Kenneth Pomeranz, a professor of modern Chinese history at the University of Chicago, said the agreement is a positive and necessary framework for technological cooperation.
"Having such an agreement with Beijing, as the U.S. does with most technologically sophisticated countries, is a good thing for both sides and for the advance of science and technology worldwide," he said.
There should probably be some adjustments made to the agreement to reflect changing circumstances, as many such adjustments have been made since this agreement was first signed more than 40 years ago, he said.
"But as this history suggests, any further adjustments that are needed can be handled by negotiating annexes to the agreement, as has been done repeatedly before. Throwing out the entire agreement would be a significant step backward," he said.

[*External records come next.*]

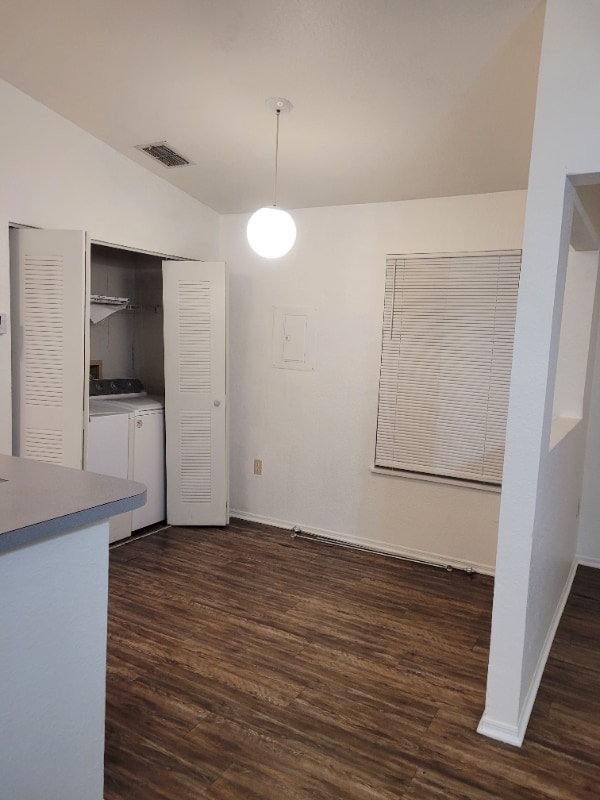 Photo - 1603 Columbus Arms Cir Apartment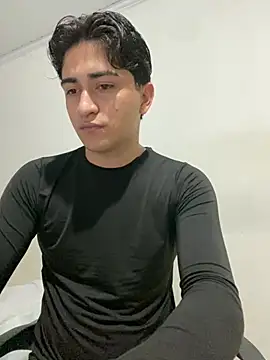 Tavinho067 online show from May 24, 10:59 pm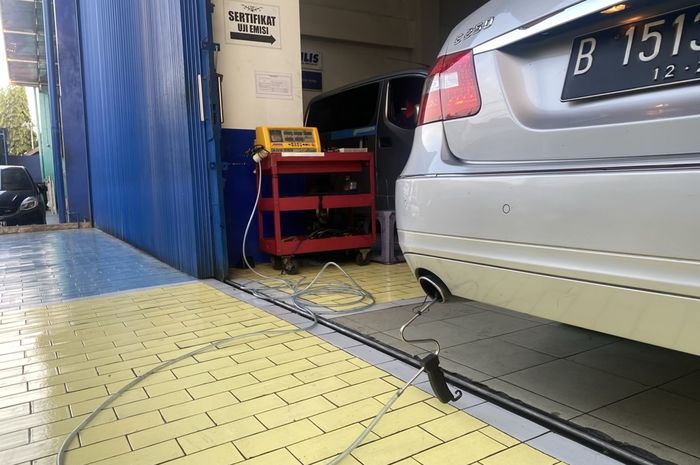 Ilustrasi. Hasil uji emisi kendaraan bermotor bisa dipengaruhi berbagai faktor
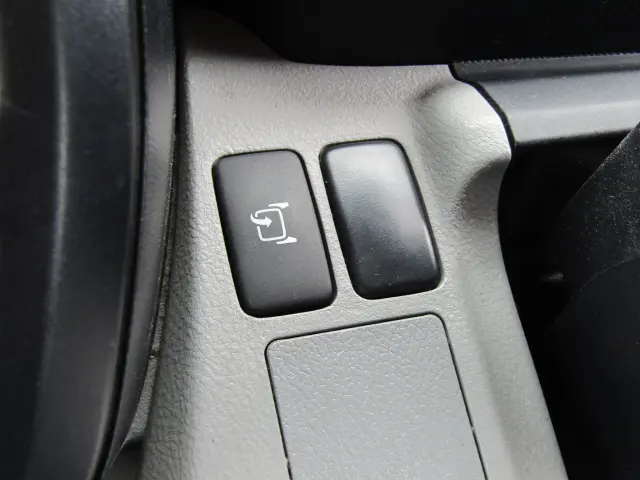 日野 デュトロ TKG-XZC605Y(2WD)の写真23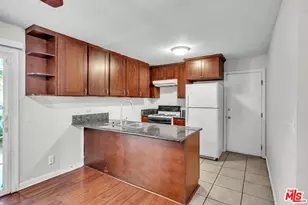 229 E 75th St, Los Angeles, CA 90003 - Photo 13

In late August, Stanford University physicists Steven Kivelson and Peter Michelson wrote an open letter to U.S. President Joe Biden, which was also signed by more than 1,000 scientists and scholars from U.S. universities, saying that the agreement has been of enormous benefit to the U.S..
"We can attest that cutting off ties with China would directly and negatively impact our own research, the work of our immediate colleagues, and the educational mission of our universities," they said in the letter.
Edward Tse, founder and chairman of Gao Feng Advisory Company, said it is indeed a good thing to cooperate based on the China-U.S. Agreement on Cooperation in Science and Technology.
"The development of humanity requires collaboration, especially in the field of science and technology, to progress together," he said.
Some people in the U.S. said they do not want to renew the agreement, which implies that some still hope for decoupling in the science and technology field between China and the U.S..
"However, based on my observations, the various statements made by U.S. officials visiting China this year and the extension of the agreement by six months indicate that the U.S. government is reconsidering its strategy toward China, at least in terms of scientific research," he said. "Because I believe the United States now realizes that completely suppressing China's development is not achievable."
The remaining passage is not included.